One of my listeners asked me about prejudices.

What is the worst prejudice I have ever encountered and how did I deal with it?

Apart from having to deal with the fact that people think that Italians are chronically late (which has turned me into a punctuality freak), there is another one I find rather disturbing.

And I was extremely glad to discover years ago that I was not the only one experiencing it.

Here is the story.

An Italian friend of mine had been working for a major international news agency in Brussels for many years. She wanted to move within the organisation and applied for a job in London. One of the first questions her future boss asked her was ‘Can you write English, dear?’

What is it that makes certain people think that, if you grew up speaking and writing one language, you will never be able to write well in another? Have they never heard of Joseph Conrad?

Even if they haven’t, they must have seen ‘Some Like It Hot‘.

The person who wrote the screenplay of this icon of Hollywood’s golden age had grown up in Austria-Hungary speaking German. Billy Wilder was already well into his 20s when he emigrated to America and learned English. He had been writing in German (as a journalist in Berlin) for his entire life.

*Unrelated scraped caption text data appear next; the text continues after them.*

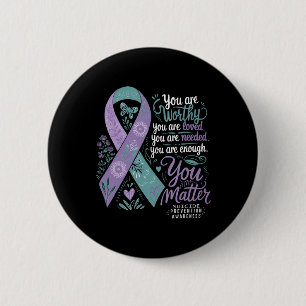 Suicide Prevention Awareness Positive Support You  6 Cm Round Badge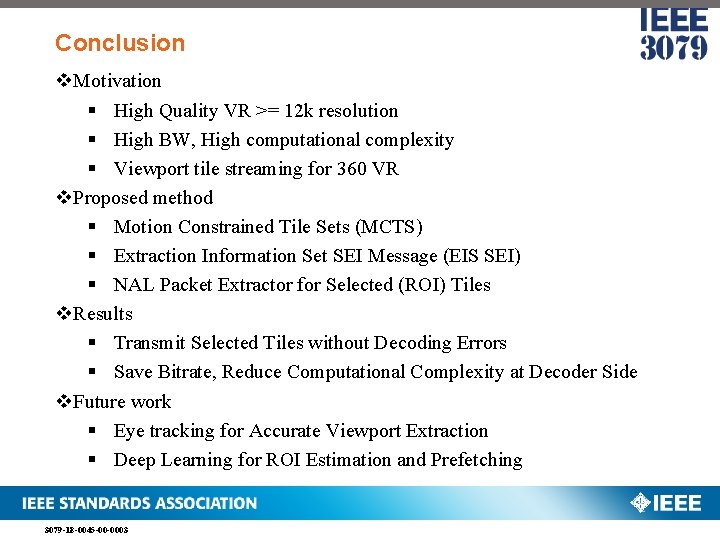 Conclusion v. Motivation § High Quality VR >= 12 k resolution § High BW,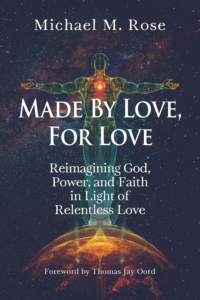 Made by Love, For Love: Reimagining God, Power, and Faith in Light of Relentless Love by Michael M. Rose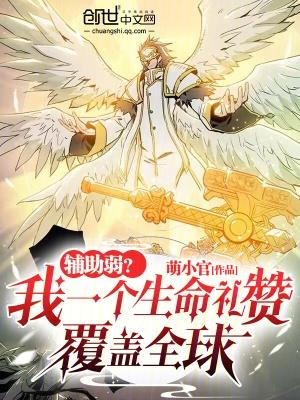 辅助弱?我一个生命礼赞覆盖全球 在线阅读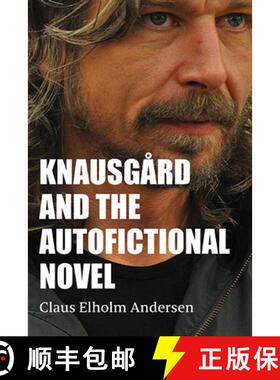 【3-4周达】Knausgård and the Autofictional Novel [9781438495668]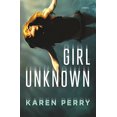 thumbnail image 1 of Pre-Owned Girl Unknown (Hardcover) 0805098747 9780805098747, 1 of 1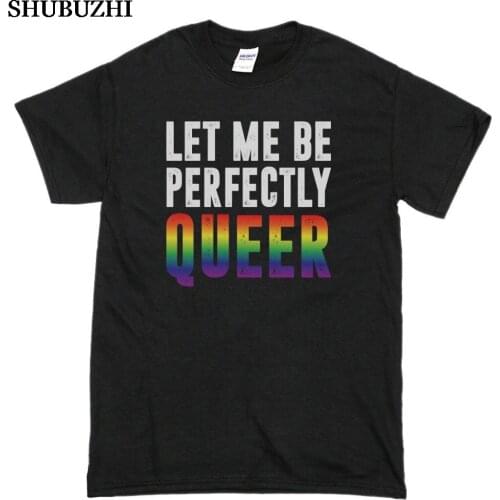 Lgbtq Let Me Be Perfectly Queer Pride Month Lgbt cotton New Summer Style Fashion Short Sleeve Korean T-Shirts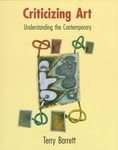 Criticizing Art Understanding the Contemporary by Terry Barrett (1994 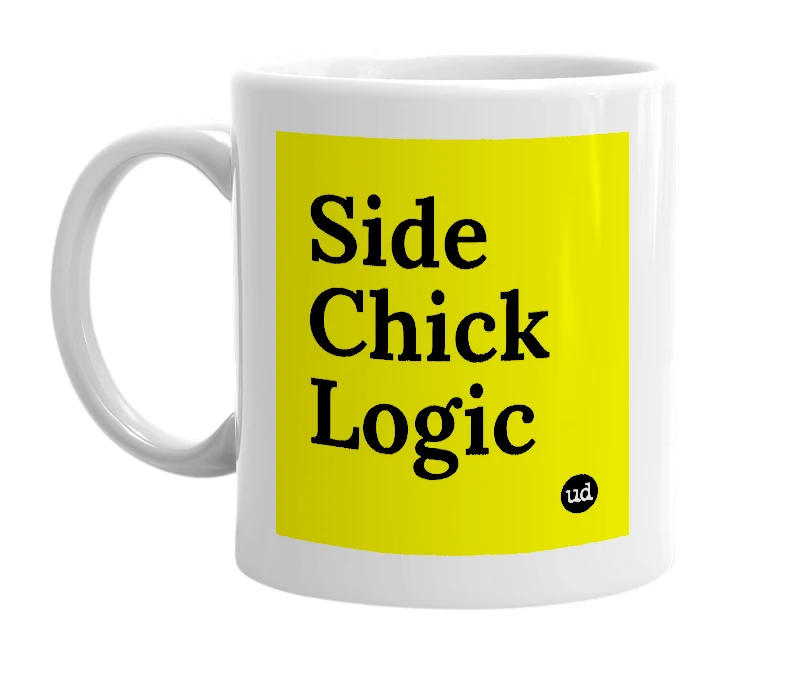 White mug with 'Side Chick Logic' in bold black letters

Joseph Conrad and Billy Wilder are just examples. There are so many others. I am absolutely convinced that if you write well in one language you can write just as well in another.

I guess what you need is a sense for the rhythm of that language and you need to do a large amount of reading. And yes, at this point, I have to give credit to Ian, the editor of Central European Business Weekly, the English newspaper I wrote for at the beginning of my career.

We spent several hours drinking Becherovka (we were after all in Prague) and going through my articles, which used to have far too many subordinate clauses (from having written in German for too long).

So my answer to my listener would be ‘Never let other people’s limits become your own’.